ISCI is a cross-disciplinary research centre working to further our understanding of state crime: organisational deviance violating human rights

A Critical Introduction to Corruption

Though corruption is difficult to define precisely, and harder still to quantify, it is undoubtedly one of the most widespread forms of criminal victimization in todays world; and in its most serious forms it is properly regarded as a form of state crime rather than individual deviance. The International Crisis Group report Kyrgyzstan: A Hollow Regime Collapses, describes Kurmanbek Bakiyevs government, overthrown in April 2010, as an example of state corruption, that is, a system where the main levels of state power are controlled by individuals or a group whose main intent is to extract personal gain from public finances (p. 2, n. 2).

The suspected practices of Bakiyev, his close family and other cronies included:

  • Exporting electricity despite acute shortages of power within Kyrgyzstan at a recorded price less than two-thirds of the market price, and pocketing the difference between the recorded price and what customers actually paid.
  • Protecting narcotics shipments from Afghanistan.
  • Ballot-rigging.
  • Forcing owners of profitable businesses to sell them at knock-down prices or face investigation for tax evasion or other offences they might or might not have committed.
  • Transferring profitable state assets to a private company, MGN, which has been indicted in Italy for massive fraud, mafia links and money-laundering.

Systematically corrupt states like Kyrgyzstan lie at one end of a continuum, with isolated acts of corruption by isolated officials in otherwise honest state agencies at the other. In between lies a very large grey area. Outright corruption is not easy to distinguish from the clientelism or exchanges of favours through which many countries are governed.
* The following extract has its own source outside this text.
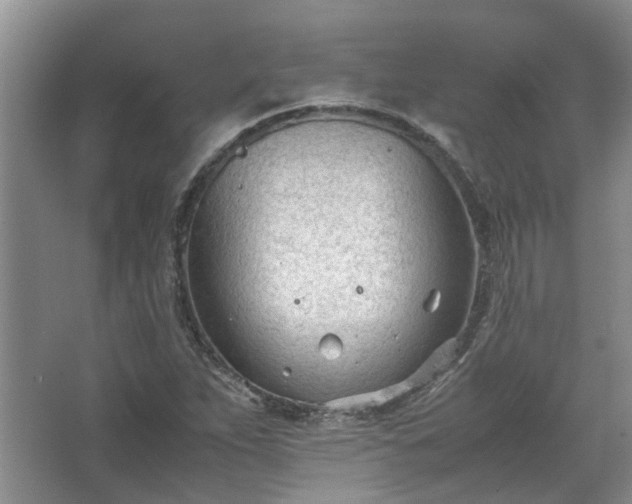 X0000067521263200604150151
Low-level corruption may be tolerated as a way for officials to supplement their incomes or accepted as an inevitable by-product of government policy. Or it may be overtly encouraged, as in Zimbabwe, where soldiers are offered a once-in-a-lifetime opportunity to benefit from diamond smuggling in an effort to stem the tide of desertions and resignations from the armed forces (Human Rights Watch, 2009, p. 29).

Corruption is closely linked to human rights violations. It denies people access to vital resources such as power (as in Kyrgyzstan), health and education (Transparency International, 2010). State agencies like the Zimbabwean police and army that exploit the countrys resources for their own benefit deal ruthlessly with any competition. Corrupt elites are likely to want to cling to power by any means necessary. And corruption, by its very nature, denies people the right to participate on fair terms in their countrys political and legal processes.